TASK ITEM: Leave out the pictures and repeat exactly the lines from the one containing "FRODO, Hund, Mischlingshund" through the end of the records.

Stored items from a collection:
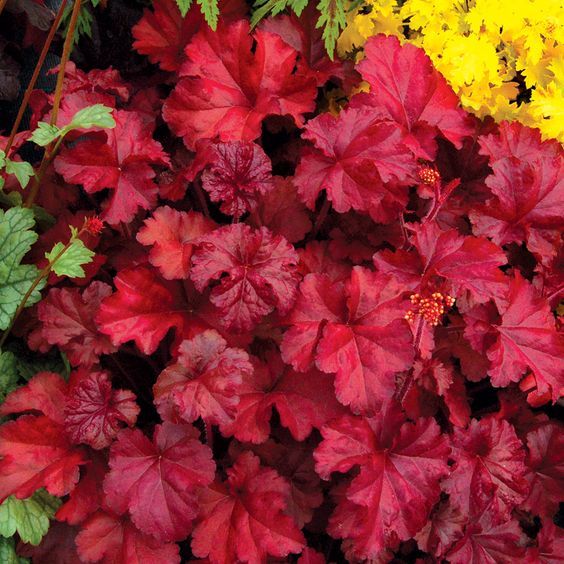 Heuchera 'Fire chief' - Tűzeső 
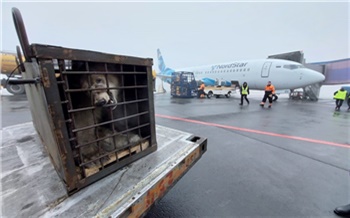 Раненую медведицу привезли из Норильска в Москву на лечение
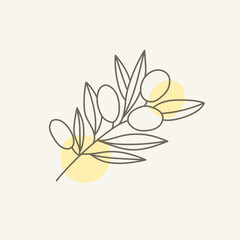 Olive branch with leaves and berries. Elegant vector line botanical illustration. 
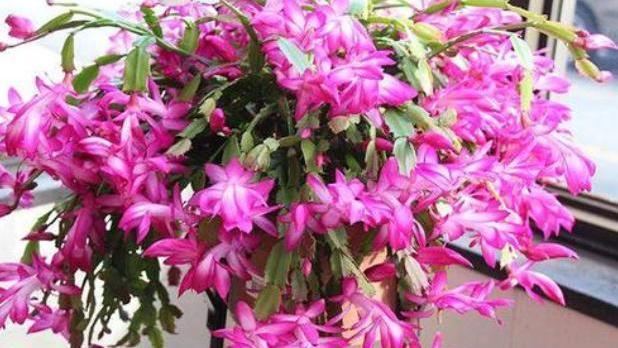 嫁接的蟹爪兰这么养,一盆能养一辈子,年年开成“大花树”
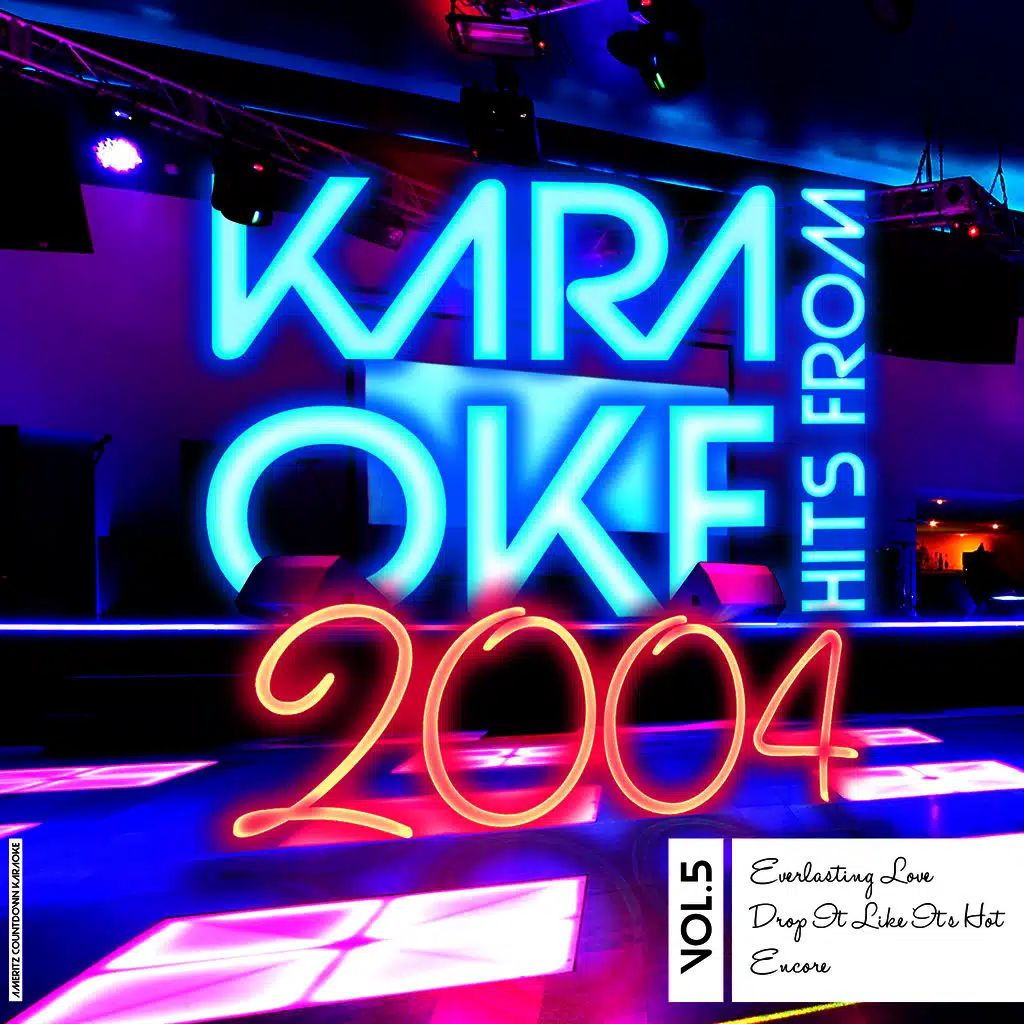 Karaoke Hits from 2004, Vol. 5
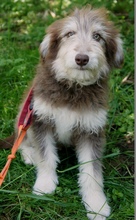 FRODO, Hund, Mischlingshund in Rumänien - Bild 8
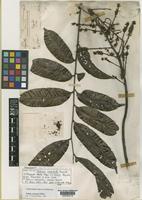 Talisia carinata Radlk. [family SAPINDACEAE]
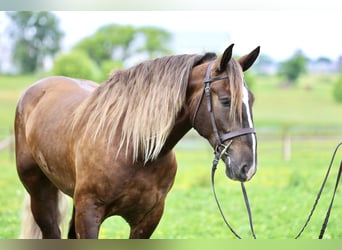 Tinker Mix, Wallach, 4 Jahre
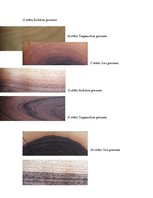 Referāts 'Riekstkoks', 14.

ANSWER SPACE:
 FRODO, Hund, Mischlingshund in Rumänien - Bild 8
 Talisia carinata Radlk. [family SAPINDACEAE]
 Tinker Mix, Wallach, 4 Jahre
 Referāts 'Riekstkoks', 14.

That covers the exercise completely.